- EXERCISE DATA:
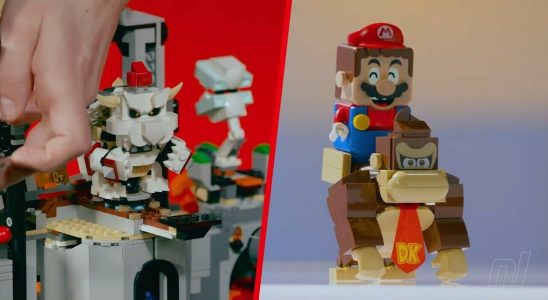 Donkey Kong et le château de Bowser rejoindront l'univers LEGO Mario cet été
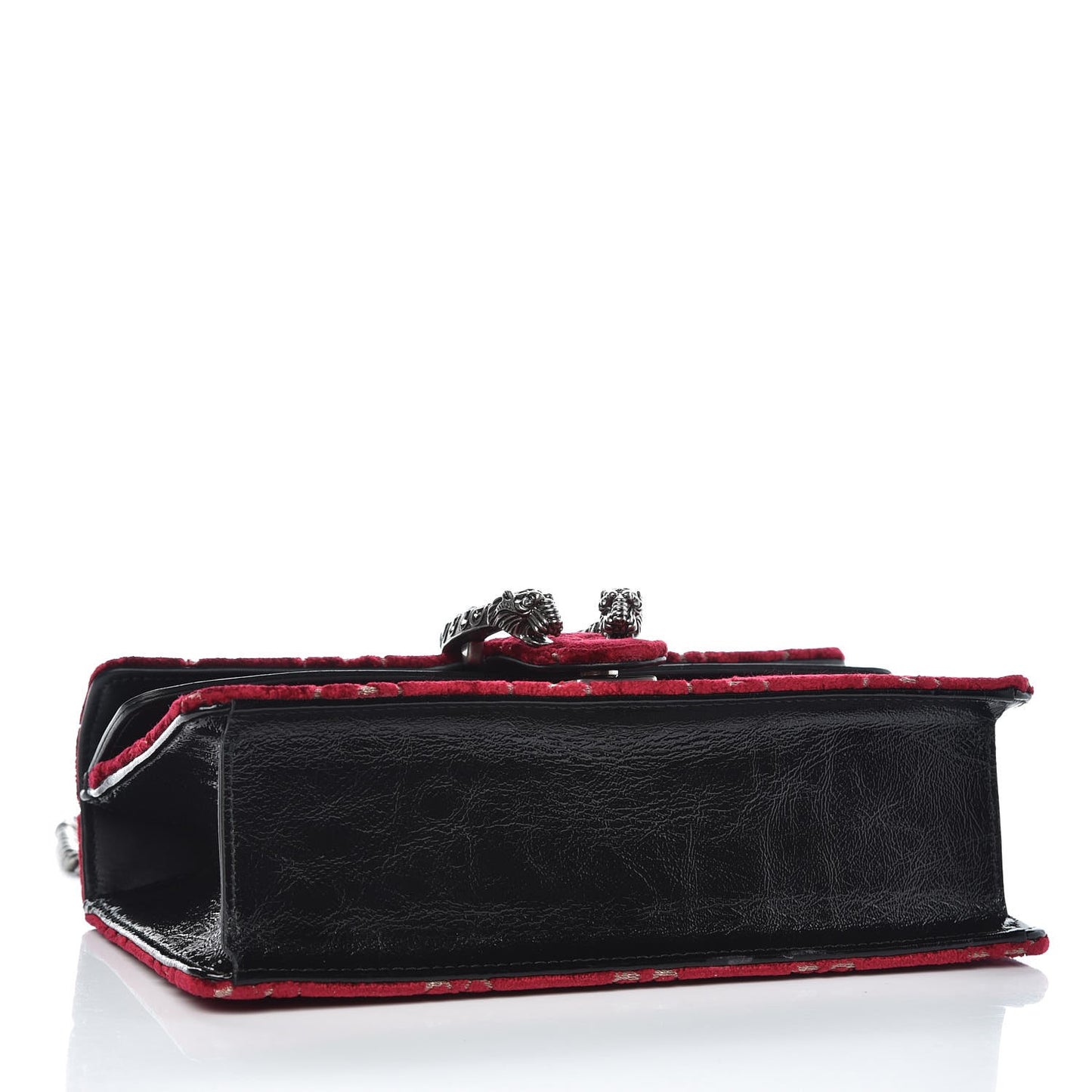 Velvet Skipper Crystal GG Monogram Small Dionysus Shoulder Bag Red Cipria Black Black Diamond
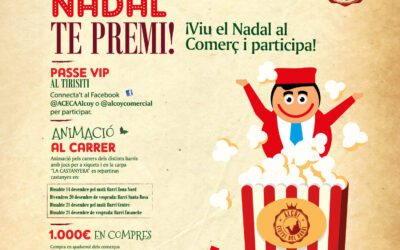 Aquest Nadal té premi!”, la campaña de Navidad de ACECA y Federació de comerç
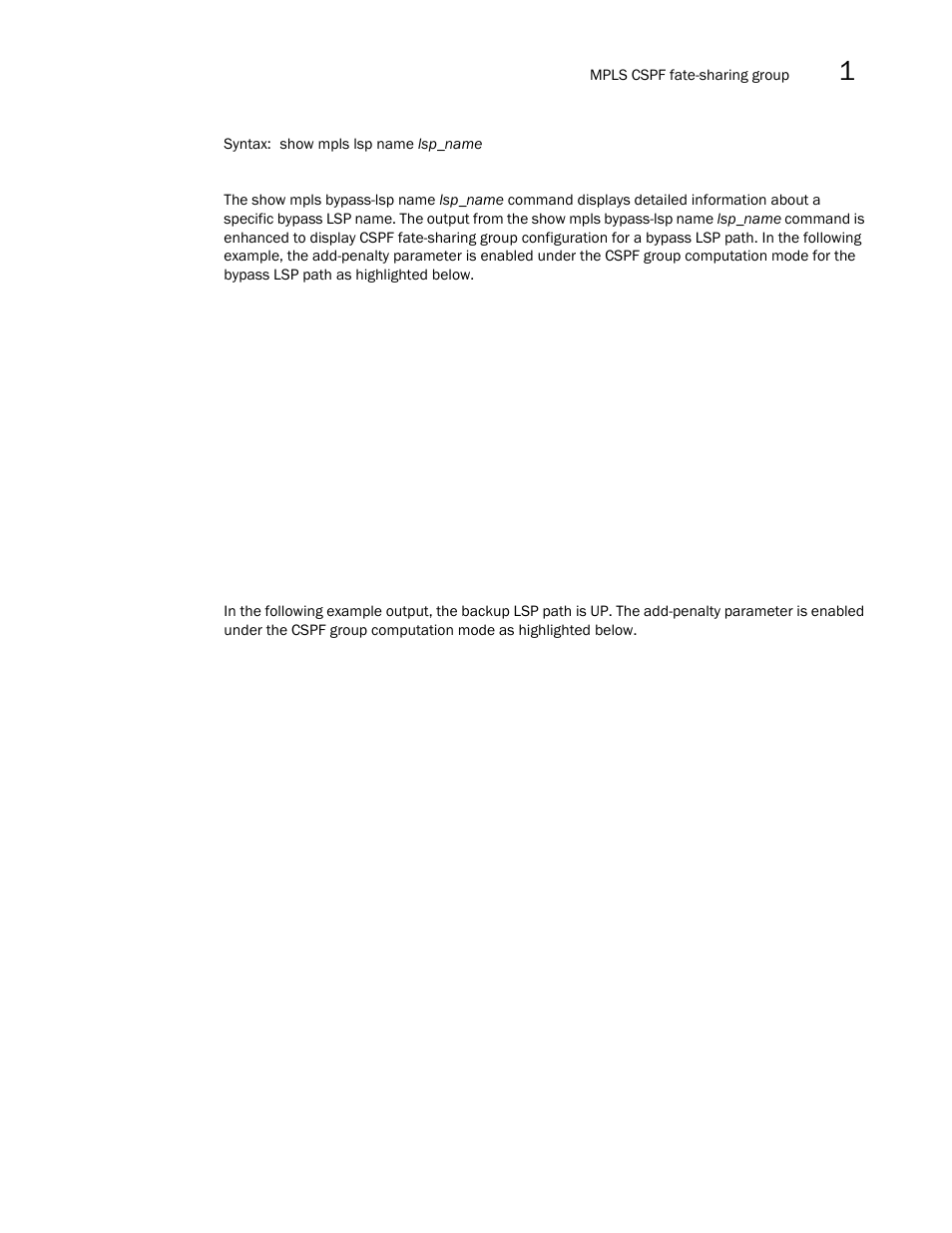 Brocade Multi-Service IronWare Multiprotocol Label Switch (MPLS) Configuration Guide (Supporting R05.6.00) User Manual | Page 105 / 852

- WORK REQUEST:
Every line of the listing should be repeated exactly; no picture should appear.

- FINISHED EXERCISE:
 Donkey Kong et le château de Bowser rejoindront l'univers LEGO Mario cet été
 Velvet Skipper Crystal GG Monogram Small Dionysus Shoulder Bag Red Cipria Black Black Diamond
 Aquest Nadal té premi!”, la campaña de Navidad de ACECA y Federació de comerç
 Brocade Multi-Service IronWare Multiprotocol Label Switch (MPLS) Configuration Guide (Supporting R05.6.00) User Manual | Page 105 / 852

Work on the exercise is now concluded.